Dr Lee recommends sitting in the sun for “ten to 15 minutes between 11am and 1pm on brighter days in winter and spring to give your skin the vitamin D it needs to regenerate.” Worried about effects of the sun on skin? According to Dr Tailor, who also specialises in anti-ageing and aesthetic medicine, “Applying vitamin D directly to skin can prevent wrinkles and protect against UV radiation by promoting skin cell turnover.
“Vitamin D used to treat conditions like psoriasis, but we now know it can reduce signs of premature ageing, too. Using quality creams and masks will enhance your skin’s glow.”
We recommend: Hanna Sillitoe’s Vitamin D Face Cream (£24, Holland & Barrett); Neal’s Yard Vitamin E & Avocado Night Cream (£22, marksandspencer.com); Vitashine™ Vitamin D3 Spray (£18, vegetology.com).
Strengthening bones and joints
We know that calcium is essential for keeping bones and joints strong, but the body is unable to absorb it without vitamin D. Oestrogen, too, enhances the production of vitamin D. Dr Tailor explains. “Oestrogen is responsible for generating the enzymes that make vitamin D; and oestrogen levels deplete after menopause. Therefore, it is normal that women of middle age will find it difficult to naturally produce sufficient levels of vitamin D. This ultimately impairs calcium absorption and so the likelihood of osteoporosis and arthritis are significantly higher.” That doesn’t mean they are inevitable though. “This is where supplements shine.”
We recommend: Free To Move (£29.95, newnordic.co.uk); BetterYou D Luxe Oral Spray (Holland & Barrett); Together Vegan Vitamin D3 Bioactive Plant Source (£6.99, togetherhealth.co.uk); Calcium + Vitamin D3 Capsules (£7.99, bulk.com).
Dementia and Alzheimer’s disease
A 2014 study by the UK National Institute for Health Research found that people with low levels of vitamin D were twice as likely to develop dementia or Alzheimer’s disease. Dr Tailor acknowledges the findings, but emphasises that vitamin D levels are not a cause of the disease, merely a “common factor” in some diagnoses.
“Vitamin D deficiency has been linked with cognitive decline, and it’s believed that low levels of it may play a role in memory problems, but having one does not cause the other.” Experts are calling for further research into vitamin D’s effects on memory.
“Vitamin D is the only vitamin that functions as a hormone,” Dr Tailor explains. “This means it affects emotions and regulates mood.” She says, “Low levels of vitamin D have been linked to higher levels of depression, anxiety and Seasonal Affective Disorder (SAD).”
Dr Lee agrees. “There’s actually quite a lot of evidence linking low vitamin D levels with low mood — a 2013 analysis found that participants who suffer from mood disorders often had vitamin D deficiencies.

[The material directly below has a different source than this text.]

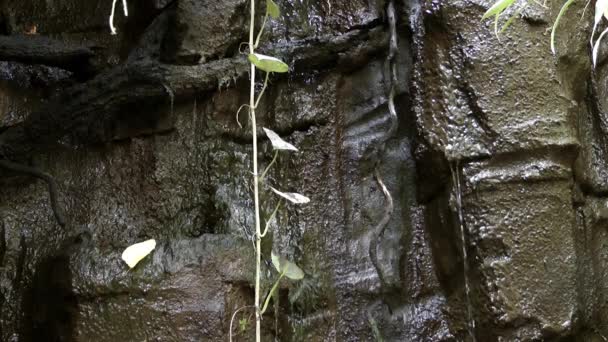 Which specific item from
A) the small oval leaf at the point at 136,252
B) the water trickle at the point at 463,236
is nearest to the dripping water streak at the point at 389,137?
the water trickle at the point at 463,236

How vitamin D chemically influences our mood isn’t well understood, but the accumulation of hormonal peaks and troughs, and lack of exposure to sunlight, makes for reliable prognosis.”
The vitamin D diet
Sunlight, supplements and food — many believe it’s the perfect blend for adequate vitamin D levels.
“It’s estimated that around 20% of vitamin D can come from your diet and that 40% of any supplement you take orally is lost through the digestive system. So not only should you take at least 1000 units of the said supplement, you should make sure you have plenty of oily fish, eggs and cheese in your diet to ensure you meet the daily recommended 10 micrograms,” says Dr Lee.
Vegans should stick to fortified products. Include orange juice with breakfast; use soy milk in multigrain cereals and use mushrooms as a meatier sauce base with more vitamin D.